We are GO for the Moon. Our Saturn V projection on the Washington Monument starts tonight! See it tonight through Thursday from 9:30 to 11:30 pm, and don't miss the full #GoForTheMoon show Friday and Saturday. Full details: https://t.co/As6lcyFyvT #Apollo50 pic.twitter.com/jsIyVZh7GS
— National Air and Space Museum (@airandspace) July 17, 2019
Hey ladies, here’s another thing you can be angry about if you need to increase the misery in your daily life: according to the venerated New York Times, NASA’s Apollo Program that landed the first men on the moon was designed by men, for men and is ripe to be hated for its gender bias. If that isn’t enough to awaken your inner feminist, despite the fact that we’ve moved beyond that in the 60 years since and seen many women astronauts and engineers in the space program, and, in fact, are set to send the first woman to the moon by 2024 in the Artemis Program (Artemis is a Greek goddess, by the way), you should still be really angry because men went to the moon first and the spacesuits don’t fit women.
Or something. I don’t really get it.
If we do not acknowledge the gender bias of the early space program, it becomes difficult to move past it.
What are the lessons to be learned from NASA’s failure to fly women during the Apollo era?
The most recent lesson emerged in April, when NASA had scheduled a spacewalk that was, quite by accident, staffed by two female astronauts. The agency had to restaff the spacewalk because it had only one spacesuit that was the correct size for both women.
This is not an indictment of NASA in 2019. But it does demonstrate a causal chain that begins with the Apollo program and leads through to present-day staffing choices.
The suits, known as extravehicular mobility units, were designed more than 40 years ago, based on the designs of the Apollo missions, at a time when all astronauts were men. Only four of the original 18 suits are still rated for spaceflight, and all of those are on the space station.
The Times piece then helpfully goes into a few paragraphs dissecting the budget restraints that kept smaller spacesuits from being made available and how one lady astronaut had to improvise with padding to make her suit fit during buoyancy tests due to her small stature.
I mean, call me crazy but this sounds like a call for funding rather than an opportunity for a social justice crusade. The Times also suggests that because the lady astronauts chose not to make a big deal of having to use their wit and brains to improvise so they could get on with being bada** astronauts, these spacesuit snafus were evidence of “gender bias [that] became a mistake that we did not learn from.”

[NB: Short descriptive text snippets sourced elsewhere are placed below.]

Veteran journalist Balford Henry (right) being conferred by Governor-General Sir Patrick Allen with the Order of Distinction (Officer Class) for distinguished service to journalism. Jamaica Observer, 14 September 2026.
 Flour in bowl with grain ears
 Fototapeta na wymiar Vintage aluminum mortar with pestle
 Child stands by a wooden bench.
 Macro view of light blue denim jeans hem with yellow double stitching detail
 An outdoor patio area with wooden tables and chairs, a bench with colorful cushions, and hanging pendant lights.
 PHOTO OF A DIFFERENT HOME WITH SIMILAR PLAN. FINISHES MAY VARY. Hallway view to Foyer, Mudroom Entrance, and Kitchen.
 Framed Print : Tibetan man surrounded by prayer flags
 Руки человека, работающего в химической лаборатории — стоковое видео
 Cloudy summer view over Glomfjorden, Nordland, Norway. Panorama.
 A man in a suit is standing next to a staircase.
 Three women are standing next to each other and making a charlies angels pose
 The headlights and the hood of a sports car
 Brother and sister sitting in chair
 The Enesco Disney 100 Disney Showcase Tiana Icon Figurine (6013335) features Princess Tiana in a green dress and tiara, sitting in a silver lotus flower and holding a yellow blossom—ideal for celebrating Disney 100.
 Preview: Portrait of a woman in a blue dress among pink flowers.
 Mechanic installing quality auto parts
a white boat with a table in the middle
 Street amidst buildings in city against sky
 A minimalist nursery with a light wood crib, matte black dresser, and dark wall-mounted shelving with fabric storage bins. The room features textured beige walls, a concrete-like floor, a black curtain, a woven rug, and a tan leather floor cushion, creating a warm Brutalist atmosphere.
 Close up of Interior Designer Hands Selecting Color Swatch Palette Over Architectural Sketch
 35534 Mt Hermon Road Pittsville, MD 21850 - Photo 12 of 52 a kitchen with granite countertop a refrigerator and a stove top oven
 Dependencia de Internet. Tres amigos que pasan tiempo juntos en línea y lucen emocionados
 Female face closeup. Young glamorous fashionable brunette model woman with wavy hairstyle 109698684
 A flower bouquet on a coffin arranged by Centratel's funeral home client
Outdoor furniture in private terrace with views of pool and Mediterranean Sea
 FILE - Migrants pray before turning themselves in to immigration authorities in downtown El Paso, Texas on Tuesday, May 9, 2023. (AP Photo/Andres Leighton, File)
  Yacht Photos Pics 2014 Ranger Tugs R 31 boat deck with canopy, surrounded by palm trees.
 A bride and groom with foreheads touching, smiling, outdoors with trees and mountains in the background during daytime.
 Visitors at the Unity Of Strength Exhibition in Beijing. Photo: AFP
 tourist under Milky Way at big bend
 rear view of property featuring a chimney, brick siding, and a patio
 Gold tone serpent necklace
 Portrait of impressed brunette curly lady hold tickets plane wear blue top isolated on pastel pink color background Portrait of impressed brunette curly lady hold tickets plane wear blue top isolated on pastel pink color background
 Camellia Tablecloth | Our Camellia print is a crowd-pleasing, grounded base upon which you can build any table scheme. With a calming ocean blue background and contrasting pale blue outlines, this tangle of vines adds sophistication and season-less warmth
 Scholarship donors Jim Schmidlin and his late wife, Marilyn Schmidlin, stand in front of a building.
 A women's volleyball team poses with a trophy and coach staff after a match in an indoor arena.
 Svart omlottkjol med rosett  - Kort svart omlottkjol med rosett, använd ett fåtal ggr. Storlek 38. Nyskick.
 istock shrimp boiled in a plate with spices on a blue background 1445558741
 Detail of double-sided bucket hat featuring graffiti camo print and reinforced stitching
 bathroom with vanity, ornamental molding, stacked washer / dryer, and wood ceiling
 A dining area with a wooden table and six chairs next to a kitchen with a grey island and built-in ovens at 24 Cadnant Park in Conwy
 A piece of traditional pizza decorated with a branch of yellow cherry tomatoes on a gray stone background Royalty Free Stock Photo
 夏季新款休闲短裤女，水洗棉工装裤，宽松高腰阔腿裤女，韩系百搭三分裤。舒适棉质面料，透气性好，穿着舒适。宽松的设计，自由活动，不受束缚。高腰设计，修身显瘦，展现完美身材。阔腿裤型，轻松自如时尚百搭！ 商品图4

I’d venture to say the ladies who faced the problem and overcame it learned a great deal, which makes them ideal astronauts. The Times feels the need, however, to inform them of their victimhood and speak when they can’t. (I have a hard time believing women who make it through the space program are too meek to speak, but whatever).
And it wouldn’t be the Times if they didn’t pick up on the newest, silliest feminist trope and turn it into a potential tragedy.
Inside the spacesuits, astronauts wear the liquid cooling and ventilation garment. This looks like long underwear covered with meters of tubes. It pumps water around the astronauts to cool them. Men and women wear the same style of garment despite the fact that we have different sweat patterns. Men sweat more than comparably fit women, and the areas where they sweat the mostoccur in different parts of the body. In other words, when it comes to temperature-controlling garments, the needs are different for men and women.
We are already aware of this in relation to office temperatures. Temperatures are set for men, which leaves women carrying sweaters to work.
Why the Times, and its woke readership, feels the need to turn basic logistical problems NASA encounters as it moves back toward space exploration into some kind of divisive proof of bias is baffling. It’s counterproductive and silly. Don’t believe me? Read the piece and try not to roll your eyes at the part where they describe the “thick wool slippers” on the feet of a female Space Shuttle crew member.
In fairness, they do cover the antiquated belief back when the space program began in the 60s that women weren’t up to the task of space flight. And it’s true women weren’t allowed into the military flight training programs that were the career pathway to space flight. But the truth is, women may not have been physically up to some of the physical demands of space flight given the technology used at the time. That tiny little Apollo 11 return shuttle, for example, very likely asked a great deal of the human body and women, as the rest of the Times piece points out, are wired physically differently than men.
As we’ve refined technologically — and the differences in technology from the outset of the space program to the modern age of commercial space flight are vast — the brawn of the job has decreased in importance and the intellectual necessities (always there) have taken on more prominence.
And so, more women heading to space. As a woman, I actually take that as something of a compliment, frankly.